- [Activity]
Nothing but the lines from the one with "Hippie Flowers Pattern, Pink" through the last line of the entries below should appear in the copy, please, and no pictures.

- [Records]

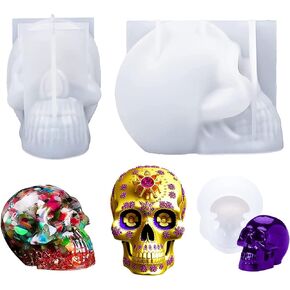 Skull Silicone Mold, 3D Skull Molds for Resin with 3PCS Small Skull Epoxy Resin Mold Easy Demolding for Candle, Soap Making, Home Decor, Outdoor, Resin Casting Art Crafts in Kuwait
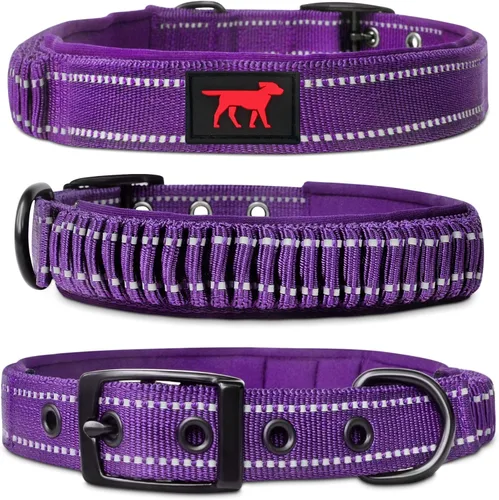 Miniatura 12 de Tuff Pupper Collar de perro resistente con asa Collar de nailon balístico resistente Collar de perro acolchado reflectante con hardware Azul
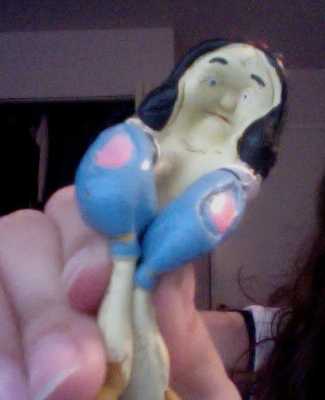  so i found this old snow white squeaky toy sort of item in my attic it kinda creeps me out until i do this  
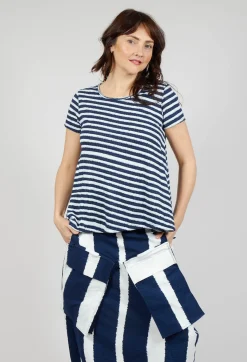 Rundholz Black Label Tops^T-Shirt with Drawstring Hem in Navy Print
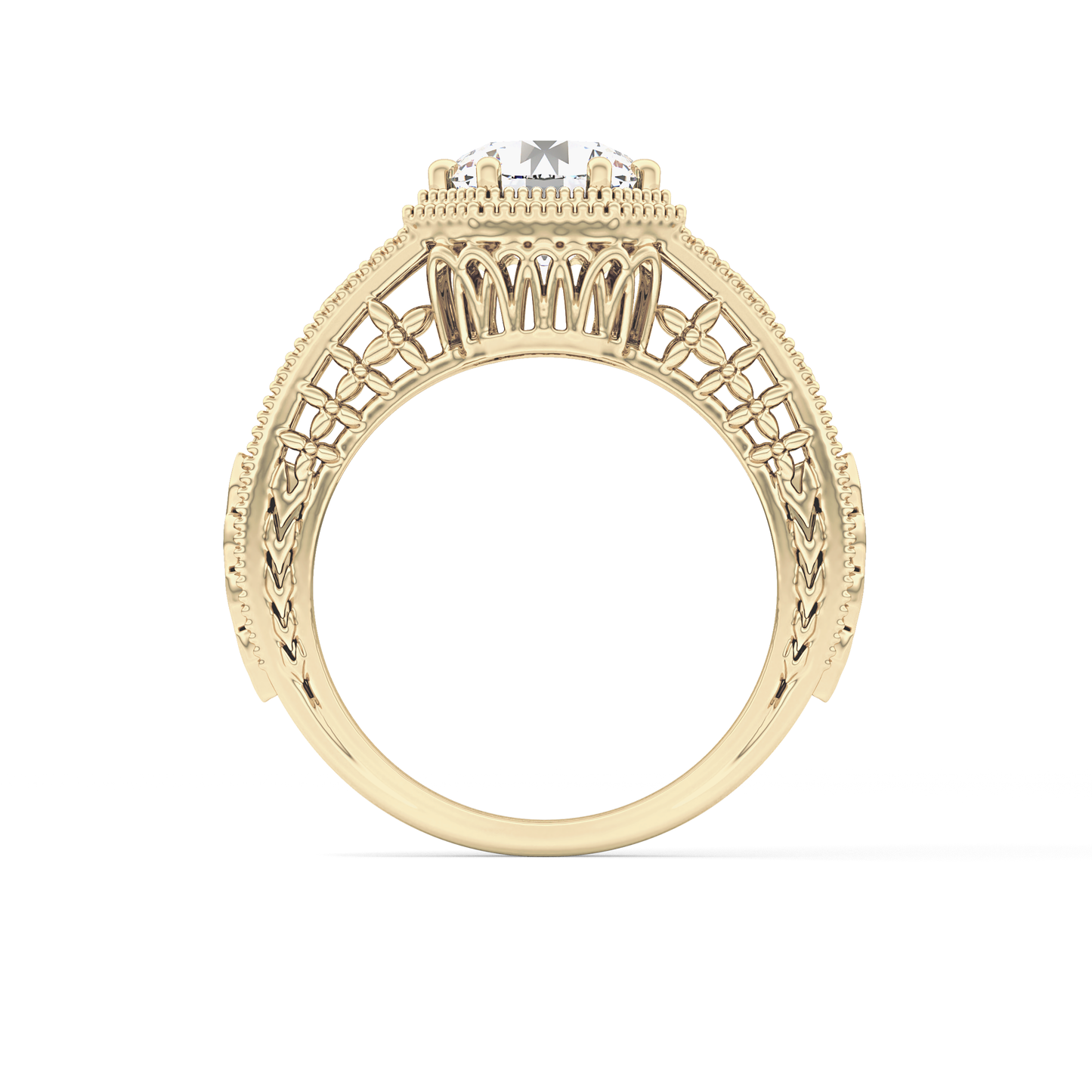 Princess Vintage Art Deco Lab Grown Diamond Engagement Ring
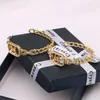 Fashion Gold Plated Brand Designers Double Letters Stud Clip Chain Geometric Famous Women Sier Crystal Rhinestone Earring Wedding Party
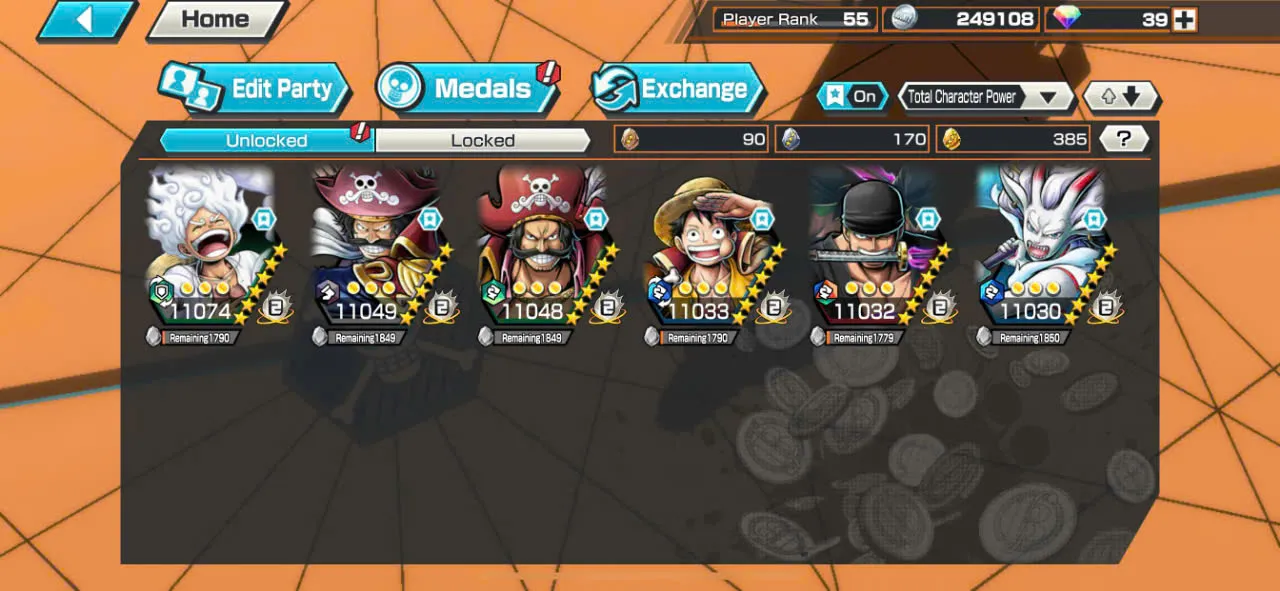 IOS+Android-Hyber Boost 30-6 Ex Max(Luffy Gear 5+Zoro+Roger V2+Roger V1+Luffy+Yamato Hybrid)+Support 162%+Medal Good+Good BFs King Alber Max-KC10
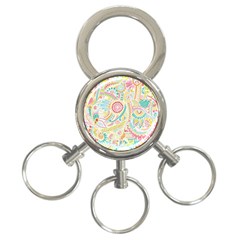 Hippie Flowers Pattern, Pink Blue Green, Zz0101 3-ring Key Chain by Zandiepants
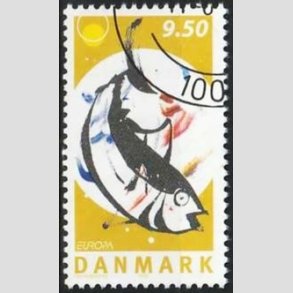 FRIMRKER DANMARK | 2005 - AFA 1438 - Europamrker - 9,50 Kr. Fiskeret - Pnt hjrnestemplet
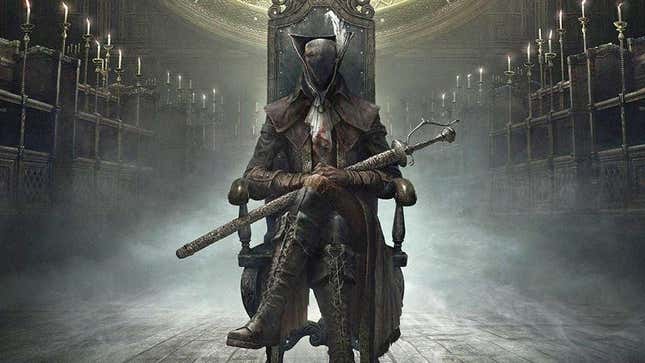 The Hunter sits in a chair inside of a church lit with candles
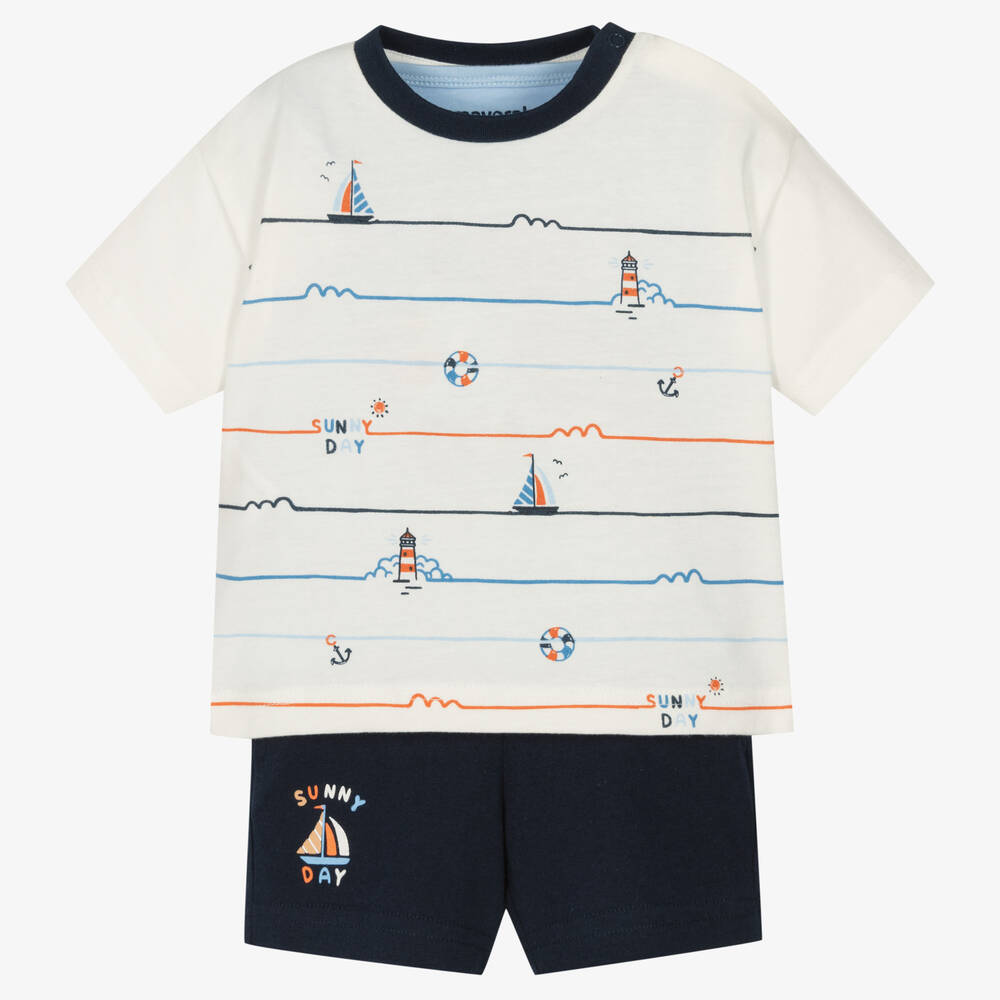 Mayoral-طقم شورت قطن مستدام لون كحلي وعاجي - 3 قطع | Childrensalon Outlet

- [Task result]
 Hippie Flowers Pattern, Pink Blue Green, Zz0101 3-ring Key Chain by Zandiepants
 FRIMRKER DANMARK | 2005 - AFA 1438 - Europamrker - 9,50 Kr. Fiskeret - Pnt hjrnestemplet
 The Hunter sits in a chair inside of a church lit with candles
 Mayoral-طقم شورت قطن مستدام لون كحلي وعاجي - 3 قطع | Childrensalon Outlet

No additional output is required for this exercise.